Dobo, RN Today.com – Dinas Komunikasi dan Informatika (Diskominfo) Kabupaten Kepulauan Aru menyampaikan ucapan selamat dan sukses atas penyelenggaraan Pra Musyawarah Masyarakat Hukum Adat Aru yang akan berlangsung di Dobo pada 23–24 Juli 2026. Dukungan tersebut dituangkan melalui publikasi resmi yang menampilkan komitmen pemerintah daerah dalam mendukung penguatan eksistensi masyarakat hukum adat.
Kegiatan Pra Musyawarah mengusung tema “Memperkuat Eksistensi Masyarakat Adat Aru Melalui Pemetaan dan Penetapan Masyarakat Hukum Adat Aru.” Tema tersebut mencerminkan upaya bersama dalam memperkuat pengakuan, perlindungan, serta keberlanjutan masyarakat adat di Kabupaten Kepulauan Aru melalui proses pendataan, pemetaan, dan penetapan secara bertahap. Tahapan pramusyawarah ini merupakan bagian dari rangkaian menuju musyawarah utama masyarakat hukum adat.
Dalam publikasi tersebut juga diangkat tagline “Adat Dijaga, Adat Dilestarikan, Adat Dibudayakan” sebagai pesan untuk menjaga nilai-nilai budaya, tradisi, dan hukum adat agar tetap hidup di tengah perkembangan zaman.

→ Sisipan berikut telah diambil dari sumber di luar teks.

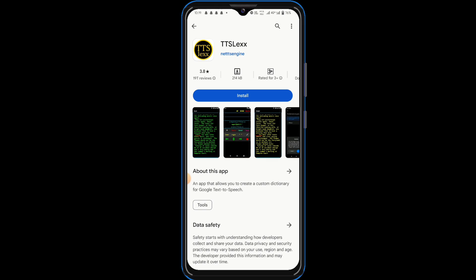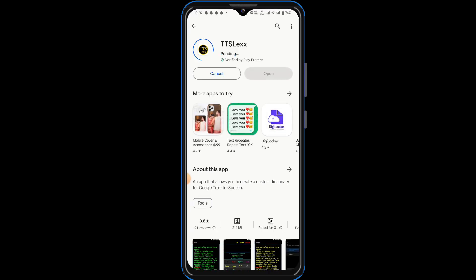So guys, we are provided in the description of this video. We have a link to this app. This is an app. So you can download this app. First of all, you can install it on the mobile.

Kepala Dinas Komunikasi dan Informatika Kabupaten Kepulauan Aru, Armand Walay, S.Pi., M.Ec.Dev, bersama jajaran menyampaikan harapan agar pelaksanaan Pra Musyawarah dapat berjalan lancar, menghasilkan kesepahaman bersama, serta menjadi langkah strategis dalam memperkuat kelembagaan masyarakat hukum adat di Bumi Jargaria.
Pelaksanaan Pra Musyawarah ini juga menjadi bagian dari implementasi Peraturan Daerah Kabupaten Kepulauan Aru Nomor 2 Tahun 2022 tentang Pengakuan dan Perlindungan Masyarakat Hukum Adat Aru Ursia-Urlima, yang menjadi landasan hukum bagi upaya pengakuan dan perlindungan masyarakat adat di daerah tersebut.
Melalui sinergi antara pemerintah daerah, lembaga adat, dan seluruh elemen masyarakat, diharapkan proses Pra Musyawarah mampu melahirkan rekomendasi yang memperkuat kedudukan masyarakat hukum adat, menjaga hak-hak tradisional, serta mendukung pembangunan daerah yang tetap berlandaskan pada kearifan lokal.